Una delle occasioni in cui la mezzala (qui Barella) usciva sul centrale di fascia e Tachtsidis abbandonava la sua posizione tra le linee scalando in avanti su Kessié. Gli esterni di centrocampo (qui Isla e Dessena) non potevano abbandonare gli omologhi atalantini (Conti e Spinazzola) per non lasciare i terzini in inferiorità numerica.
Le trasferte contro Milan e Roma sono state preparate in maniera simile.

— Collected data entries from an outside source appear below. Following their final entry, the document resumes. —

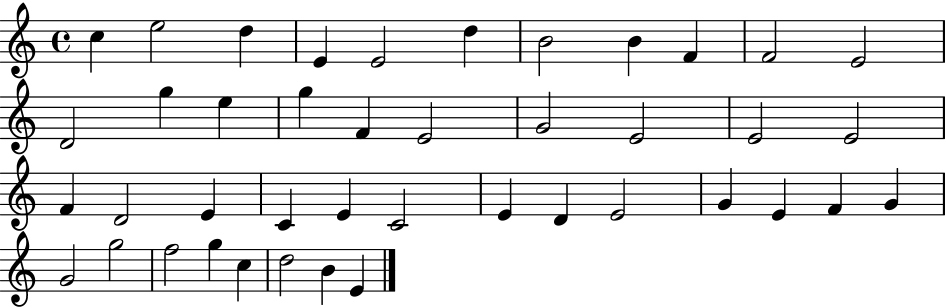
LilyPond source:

{
  \clef treble
  \time 4/4
  \defaultTimeSignature
  \key c \major
  c''4 e''2 d''4 | e'4 e'2 d''4 | b'2 b'4 f'4 | f'2 e'2 | \break d'2 g''4 e''4 | g''4 f'4 e'2 | g'2 e'2 | e'2 e'2 | \break f'4 d'2 e'4 | c'4 e'4 c'2 | e'4 d'4 e'2 | g'4 e'4 f'4 g'4 | \break g'2 g''2 | f''2 g''4 c''4 | d''2 b'4 e'4 | \bar "|."
}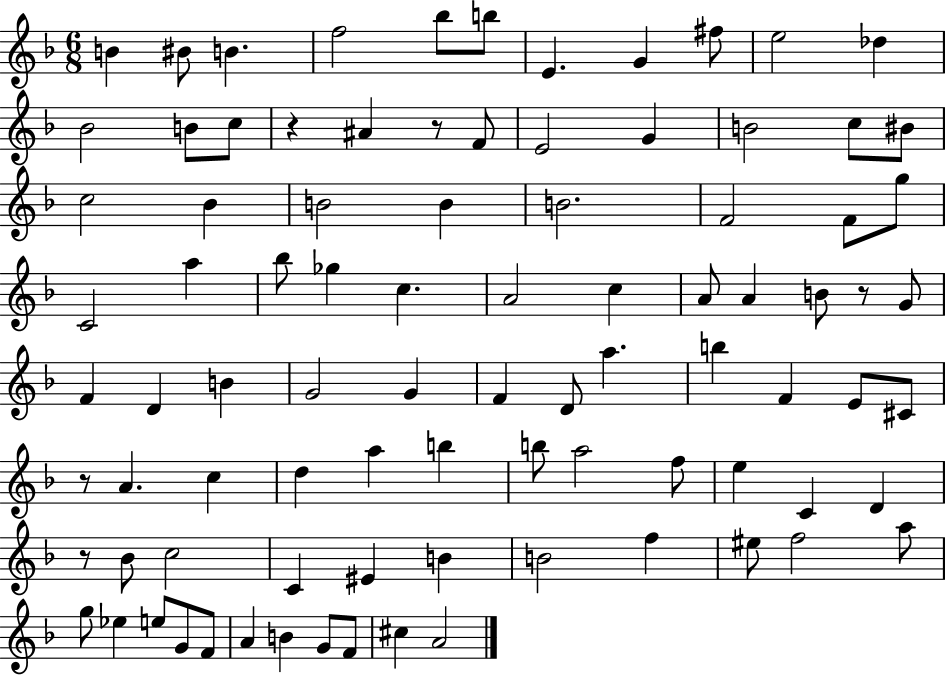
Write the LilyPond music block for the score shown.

{
  \clef treble
  \numericTimeSignature
  \time 6/8
  \key f \major
  b'4 bis'8 b'4. | f''2 bes''8 b''8 | e'4. g'4 fis''8 | e''2 des''4 | \break bes'2 b'8 c''8 | r4 ais'4 r8 f'8 | e'2 g'4 | b'2 c''8 bis'8 | \break c''2 bes'4 | b'2 b'4 | b'2. | f'2 f'8 g''8 | \break c'2 a''4 | bes''8 ges''4 c''4. | a'2 c''4 | a'8 a'4 b'8 r8 g'8 | \break f'4 d'4 b'4 | g'2 g'4 | f'4 d'8 a''4. | b''4 f'4 e'8 cis'8 | \break r8 a'4. c''4 | d''4 a''4 b''4 | b''8 a''2 f''8 | e''4 c'4 d'4 | \break r8 bes'8 c''2 | c'4 eis'4 b'4 | b'2 f''4 | eis''8 f''2 a''8 | \break g''8 ees''4 e''8 g'8 f'8 | a'4 b'4 g'8 f'8 | cis''4 a'2 | \bar "|."
}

A San Siro il Cagliari partiva dal 4-3-1-2 e ha oscillato tra 4-5-1 e 5-4-1 in fase difensiva, preoccupandosi di sbarrare le verticalizzazioni di Romagnoli in impostazione con il centrocampo a 5 oppure, in alcuni casi, con Isla o Dessena che si abbassavano sulla linea dei difensori a 5 per coprire tutta l'ampiezza e la salita del terzino sinistro del Milan.
All'Olimpico invece il Cagliari è sceso in campo con il 4-3-3 con Isla esterno destro di attacco: un chiaro segnale della volontà di Rastelli di difendere con il 4-5-1. Alternativamente, il Cagliari si schierava con il 4-4-2 per non lasciare Borriello troppo solo (contro Federico Fazio, per giunta, con cui è quasi impossibile vincere duelli aerei), lasciandogli anche Farias vicino per non schiacciare troppo la squadra.

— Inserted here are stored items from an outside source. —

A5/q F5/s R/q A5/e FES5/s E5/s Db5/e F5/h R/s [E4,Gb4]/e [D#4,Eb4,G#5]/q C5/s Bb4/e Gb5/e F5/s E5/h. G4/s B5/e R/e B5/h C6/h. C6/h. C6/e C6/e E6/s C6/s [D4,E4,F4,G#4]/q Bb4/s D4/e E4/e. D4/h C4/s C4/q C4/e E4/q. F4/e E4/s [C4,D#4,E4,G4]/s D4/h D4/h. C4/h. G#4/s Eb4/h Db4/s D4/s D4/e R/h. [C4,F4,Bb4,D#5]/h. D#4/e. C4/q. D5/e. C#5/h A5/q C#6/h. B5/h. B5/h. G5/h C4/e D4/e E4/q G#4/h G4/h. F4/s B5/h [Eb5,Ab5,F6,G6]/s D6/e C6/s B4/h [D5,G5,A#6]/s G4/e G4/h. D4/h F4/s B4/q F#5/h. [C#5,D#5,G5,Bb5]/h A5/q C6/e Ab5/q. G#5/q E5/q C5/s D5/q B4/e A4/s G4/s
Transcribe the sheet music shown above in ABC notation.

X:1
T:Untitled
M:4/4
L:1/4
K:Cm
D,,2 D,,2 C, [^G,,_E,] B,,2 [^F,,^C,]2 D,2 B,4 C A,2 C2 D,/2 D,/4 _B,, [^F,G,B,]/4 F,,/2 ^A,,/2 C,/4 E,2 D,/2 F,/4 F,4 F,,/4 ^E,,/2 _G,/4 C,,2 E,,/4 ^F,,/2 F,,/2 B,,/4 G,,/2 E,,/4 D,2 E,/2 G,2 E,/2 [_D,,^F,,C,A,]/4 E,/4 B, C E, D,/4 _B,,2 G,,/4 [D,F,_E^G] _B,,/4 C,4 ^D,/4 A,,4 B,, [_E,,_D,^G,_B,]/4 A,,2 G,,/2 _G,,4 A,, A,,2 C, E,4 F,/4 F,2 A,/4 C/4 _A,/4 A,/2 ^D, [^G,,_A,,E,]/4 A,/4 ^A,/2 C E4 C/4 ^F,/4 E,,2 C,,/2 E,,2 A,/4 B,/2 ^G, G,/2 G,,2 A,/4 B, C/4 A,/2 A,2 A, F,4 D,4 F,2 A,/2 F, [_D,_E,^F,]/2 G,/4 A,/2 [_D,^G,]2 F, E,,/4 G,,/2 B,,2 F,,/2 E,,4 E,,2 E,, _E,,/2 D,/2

Anche due settimane fa contro il Bologna, una squadra teoricamente meno dotata delle altre, il Cagliari è scivolato in un 4-4-2 compatto e abbastanza basso in fase difensiva. Il Cagliari nelle ultime quattro partite ha così subìto un solo gol in ciascuna gara, contro i 2,33 di media fino a Cagliari-Sassuolo.
La difficoltà nelle ripartenze, come visto all'Olimpico, è il principale problema di un atteggiamento più accorto nella fase difensiva. Tuttavia, sia Sau che Farias danno garanzie nella risalita palla al piede o nei tagli in profondità, mentre Borriello e Giannetti offrono ottima protezione spalle alla porta per permettere alla squadra di rifiatare e riprendere campo.

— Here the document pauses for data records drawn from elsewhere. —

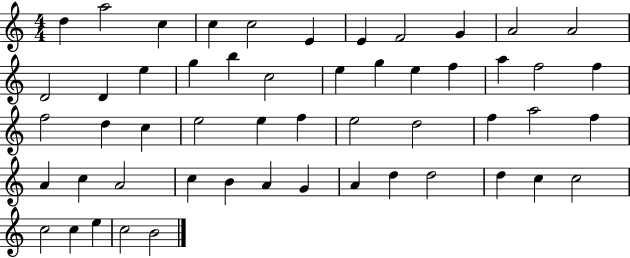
X:1
T:Untitled
M:4/4
L:1/4
K:C
d a2 c c c2 E E F2 G A2 A2 D2 D e g b c2 e g e f a f2 f f2 d c e2 e f e2 d2 f a2 f A c A2 c B A G A d d2 d c c2 c2 c e c2 B2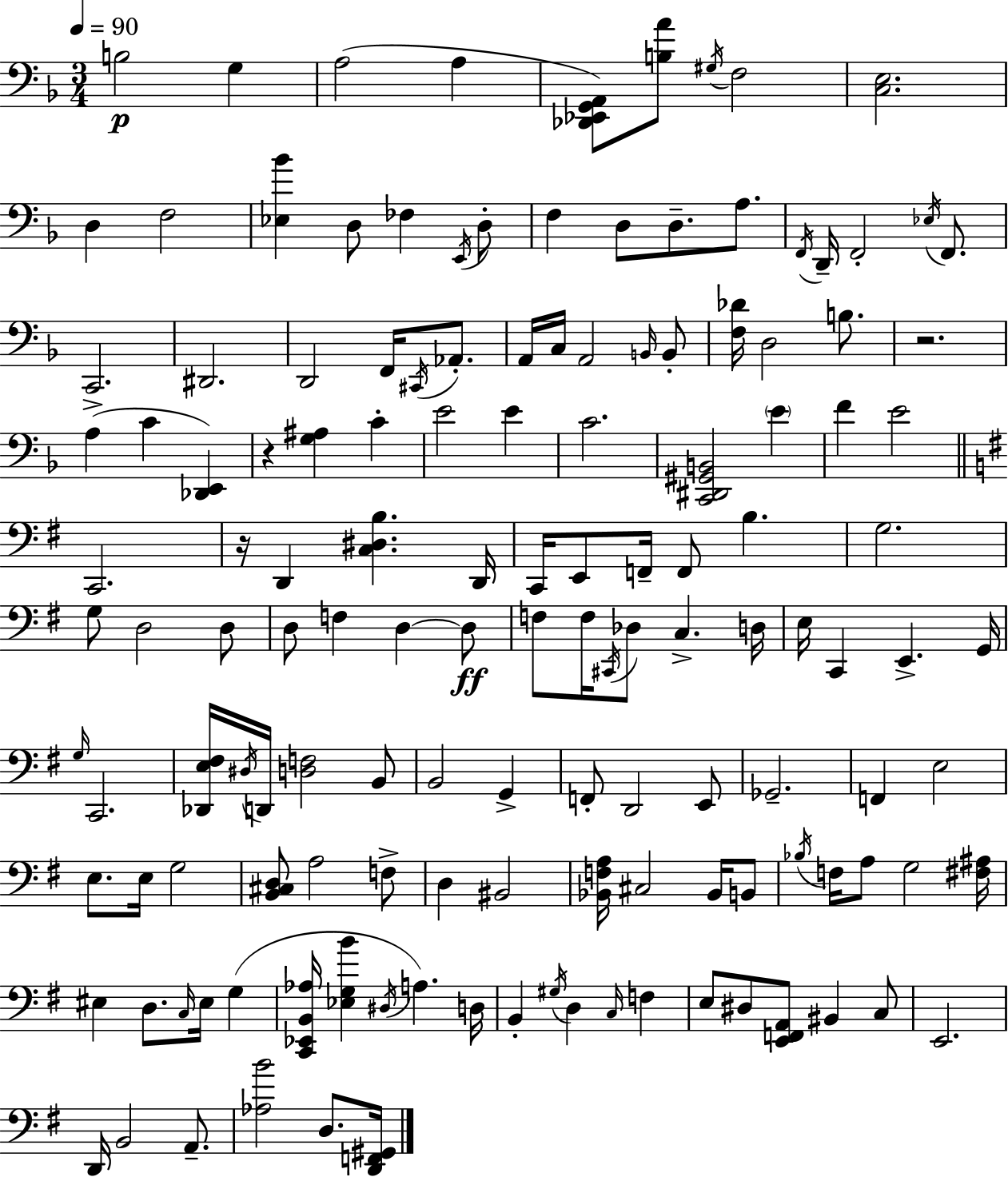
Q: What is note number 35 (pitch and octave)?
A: A3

Schiacciarsi all’interno della propria metà campo potrebbe non essere un problema per il Cagliari avendo sia punte veloci (e qui i rimpianti per il lungo infortunio di Melchiorri, definito da Rastelli un «maestro delle ripartenze») che fisiche che possano fare da punti di riferimento per i lanci lunghi, e anche un centrocampista rapido e tecnico nella conduzione come il giovane Nicolò Barella, sempre più consapevole di sé stesso.
In ogni caso, la difesa posizionale ha dato certezze al Cagliari: le distanze si sono accorciate e lo spazio da difendere per ciascun giocatore è diminuito. Adesso i difensori centrali sono più a proprio agio dovendo difendere quasi solo i cross (da cui, comunque, sono venuti i gol di Simeone e Dzeko contro Genoa e Roma). Rastelli - aiutato da Nicola Legrottaglie, assunto come suo vice dalla società con lo scopo di migliorare gli equilibri difensivi - ha saputo mettere mano a una squadra che soffre ancora i duelli individuali ma che complessivamente ha trovato un nuovo equilibrio: perché la Serie A, per le squadre piccole come il Cagliari, è un esercizio darwiniano di adattamento continuo per la sopravvivenza.